DATASET CONTENT:
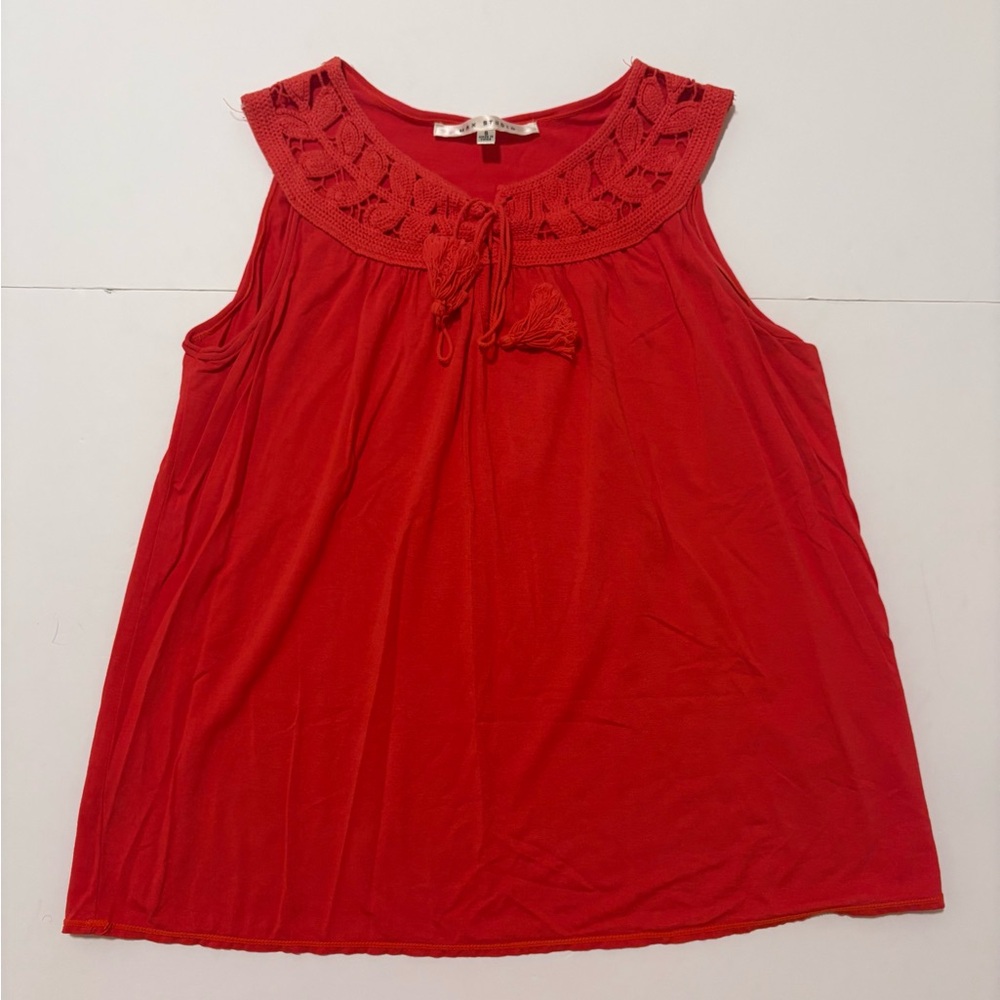 Max Studio Red Orange Crochet Yoke Sleeveless Tank Small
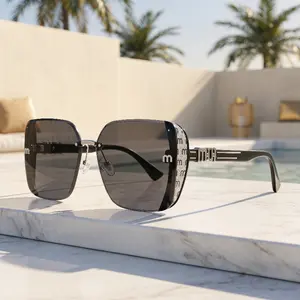 2026 Unisex Large-Frame Fashion Glasses, Trendy Square Sunglasses, Trendy Beach Eyewear, Retro Design for Daily Wear, Photography, Travel, Beach, All Seasons, Vintage Trendy Sunglasses
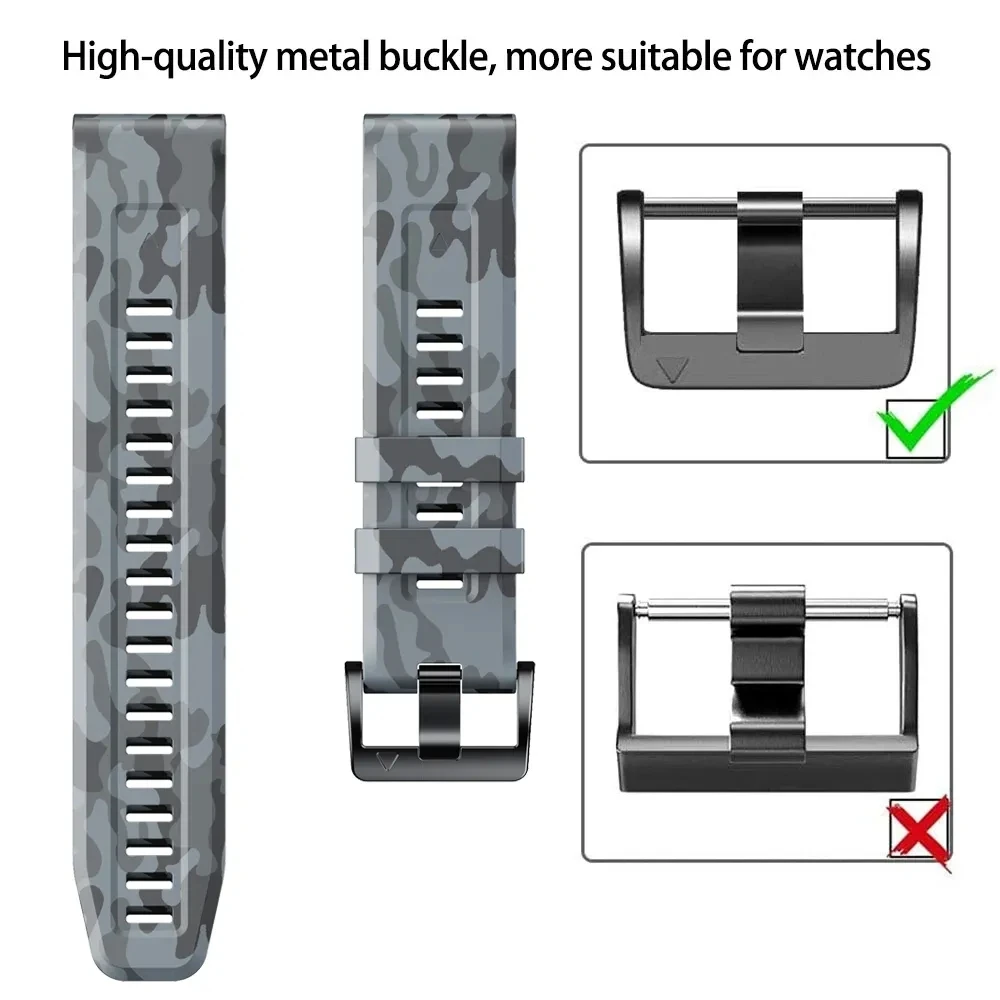 Correa de silicona de camuflaje para reloj inteligente, accesorio oficial de 22 y 26mm para Garmin Fenix 7, 7X, 6, 6X, 5, 5X Plus, Epix Pro Gen 2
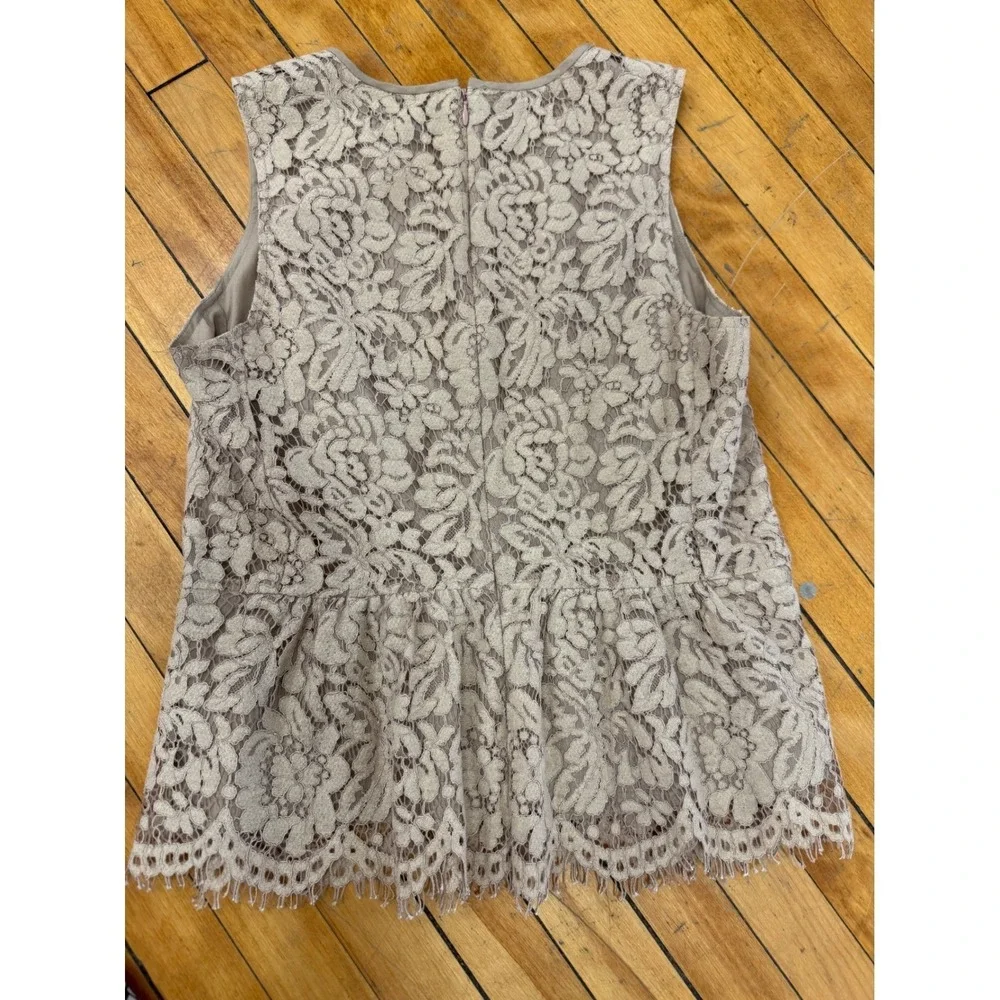 J.Crew‎ Taupe Floral Lace Sleeveless Peplum Top Size 6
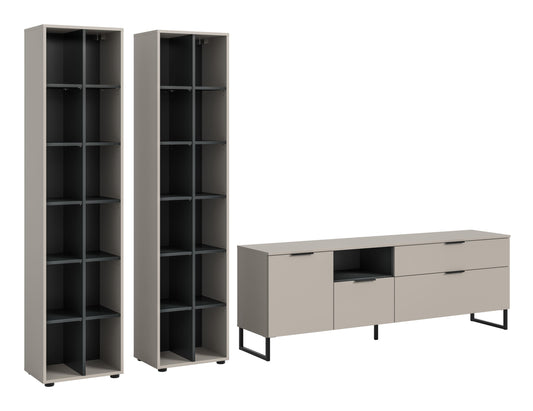 Wohnzimmerschrank-Set mit 2 offenen Standregalen und TV-Lowboard, kaschmirfarben, 3-teilig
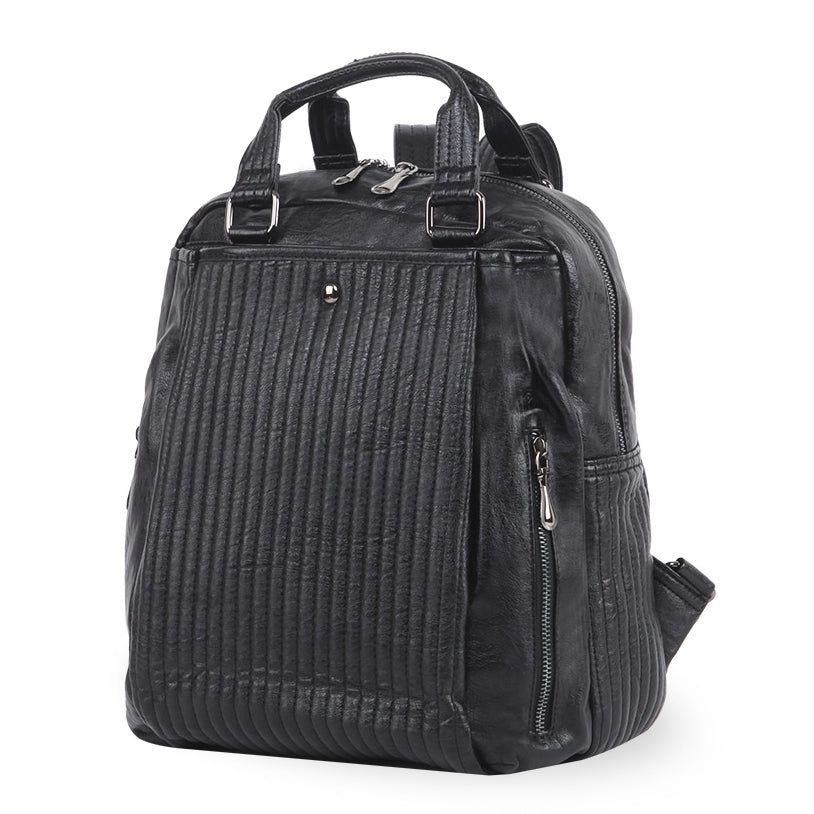 Black Faux Leather Casual Backpacks Career Women Girls School Bookbags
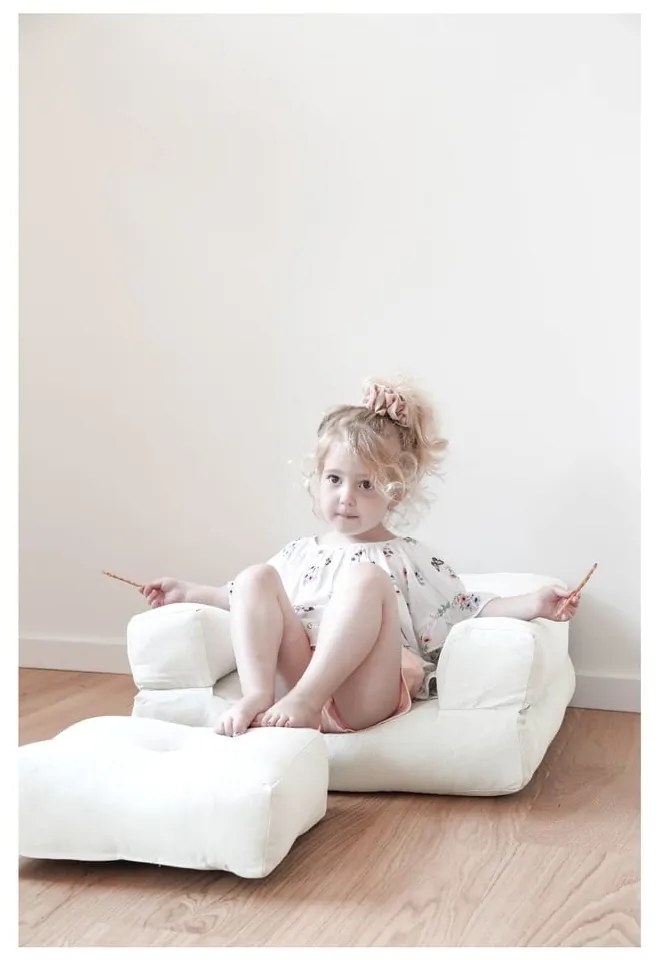 Mini Cube Creamy kinyitható gyerekfotel lábtartóval - Karup Design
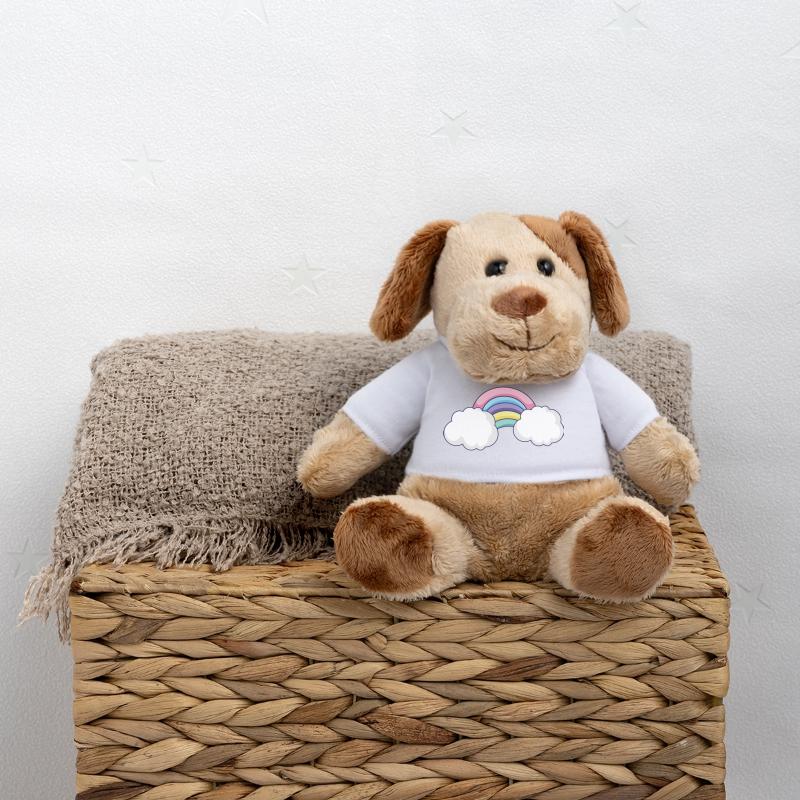 Arc nuage arc-en-ciel pastel Chien en peluche Helge MiniFeet®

WHAT TO PRODUCE:
Repeat only the lines from the one holding "2026 Unisex Large-Frame" through the last line of the data, inclusive. Keep the pictures out.

RESULT OF THIS EXERCISE:
 2026 Unisex Large-Frame Fashion Glasses, Trendy Square Sunglasses, Trendy Beach Eyewear, Retro Design for Daily Wear, Photography, Travel, Beach, All Seasons, Vintage Trendy Sunglasses
 Correa de silicona de camuflaje para reloj inteligente, accesorio oficial de 22 y 26mm para Garmin Fenix 7, 7X, 6, 6X, 5, 5X Plus, Epix Pro Gen 2
 J.Crew‎ Taupe Floral Lace Sleeveless Peplum Top Size 6
 Wohnzimmerschrank-Set mit 2 offenen Standregalen und TV-Lowboard, kaschmirfarben, 3-teilig
 Black Faux Leather Casual Backpacks Career Women Girls School Bookbags
 Mini Cube Creamy kinyitható gyerekfotel lábtartóval - Karup Design
 Arc nuage arc-en-ciel pastel Chien en peluche Helge MiniFeet®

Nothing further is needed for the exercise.